Called ‘Myer One’ this loyalty program is to be aimed at Myer’s high value customers. According to chief executive Dawn Robertson “Myer One is for our most loyal customers”.

This is so fashionable, and so misguided.

Given the things Ms Robertson has said, this marketing initiative appears to have been planned in ignorance of the serious R&D into the effects of retail loyalty programs, not to mention fundamental patterns of buyer behaviour and brand performance.

And the logic is faulty.

Think about which customers a loyalty program might attract, and who are desirable to attract (from the perspective of making money):

1) Occasional buyers of the category – these customers are unlikely to be attracted to a loyalty program (they realise they won’t earn many points), indeed they aren’t even likely to hear about it let alone give it much thought.

2) Frequent buyers of the category but occasional Myer shoppers – these would be very attractive to gain, and they might be attracted to the program, after all they could earn a lot of points if they shift their buying towards Myer. Unfortunately all of our research shows that loyalty programs do very little to attract non and light customers of the loyalty program brand.

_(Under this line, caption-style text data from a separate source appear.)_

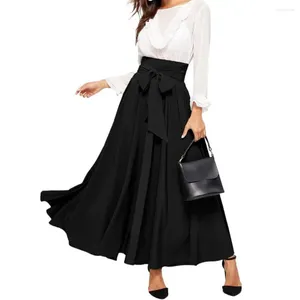 Skirts Maxi Skirt Women Lace-up High Waist A-line Big Swing Wide Band Pleated Ankle Length OL Commute Style Loose Spring Summer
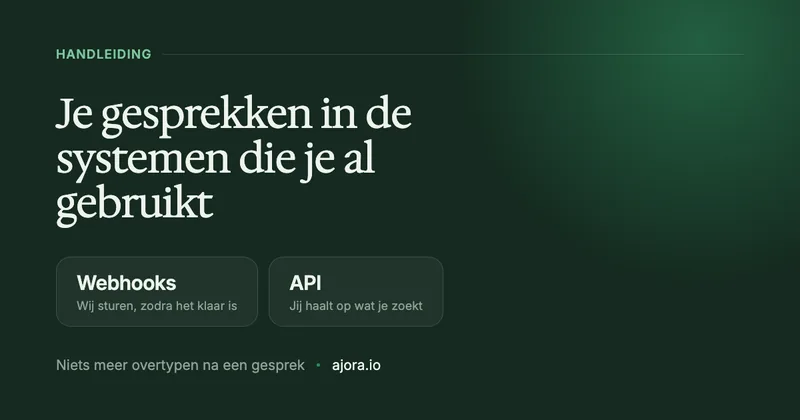 Je gesprekken automatisch in de systemen die je al gebruikt, met de Ajora API en webhooks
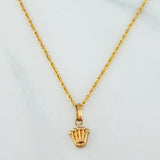 Set Rope Chain + Pendant Crown / 1.35gr / 19 3/4 in Yellow Gold 18K
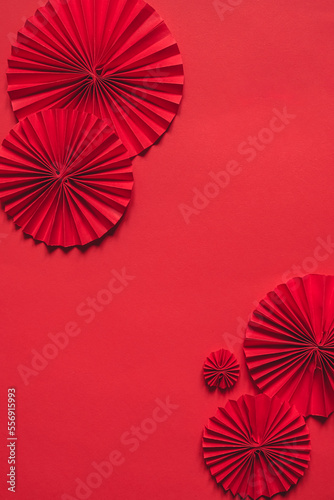 Chinese New Year 2023 .Decor pattern fan on red background. Red paper fans .Lunar New Year banner template. Lunar New Year chinese banner chinese new year background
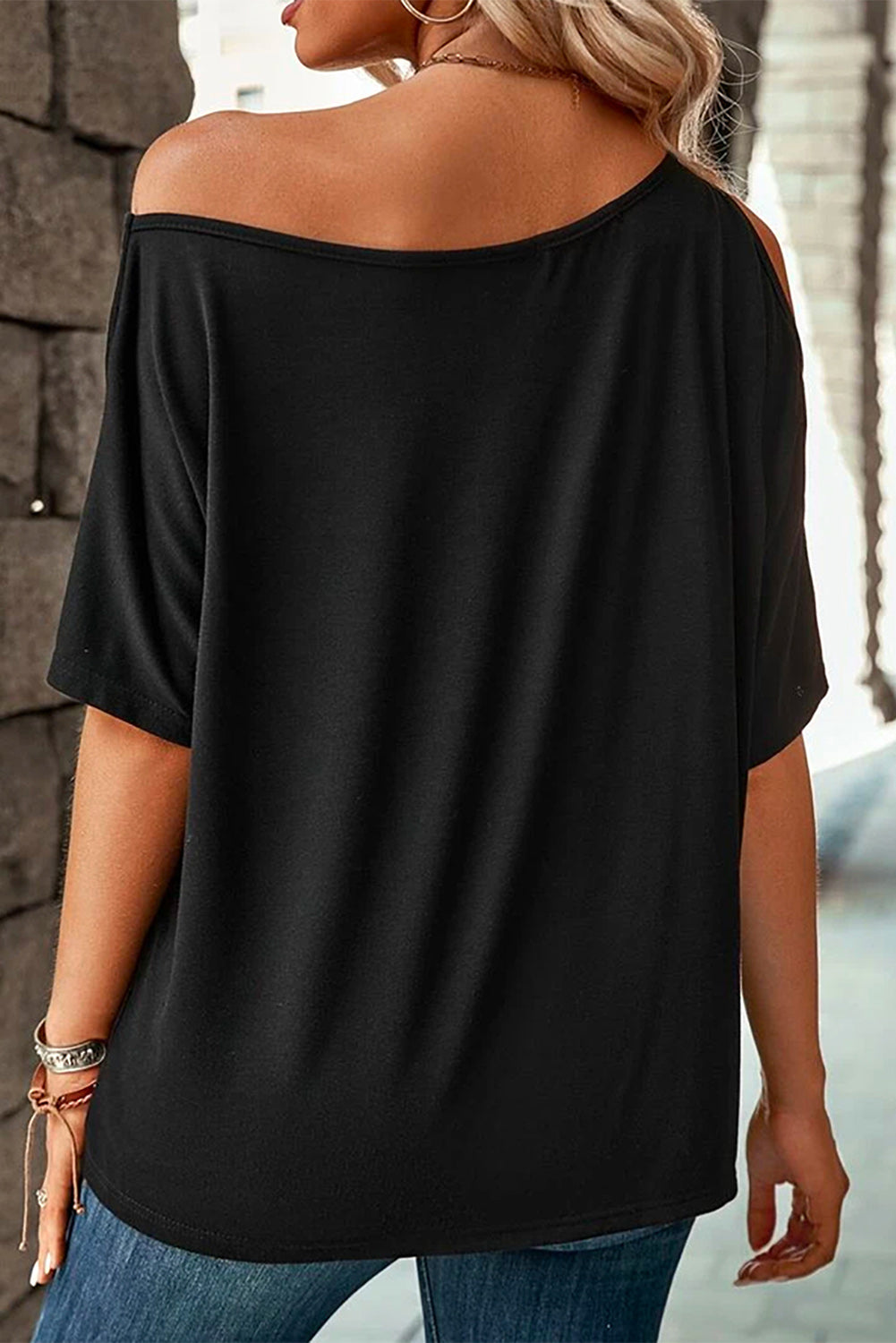 Black Solid Asymmetrical Neck Loose Casual T-Shirt - Premium Tops/Tops & Tees from Momma Done Gone Crafty- Just $18.99! Shop now at Momma Done Gone Crafty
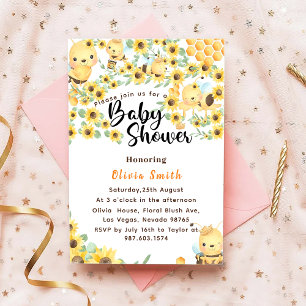 Aquarell Gelbe Honig Sonnenblume Biene Baby Shower Einladung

3) Frequent Myer buyers – these are the customers that Myer One is targeting. But these are the least desirable group. These customers represent the greatest subsidy cost of a loyalty program, ie giving people rewards for doing what they were doing anyway. They are of course the most likely group to join – they will see the program’s promotional activity (remember they shop at Myer regularly) AND they will realise what a good deal it is…something for nothing !

In short the Myer One will probably be a good deal for a few customers, and a poor marketing investment.

And it won’t lead to growth, real growth comes from winning more customers…and that’s mainly occasional customers. No brand ever got big by simply trying to get more out of its most loyal customers.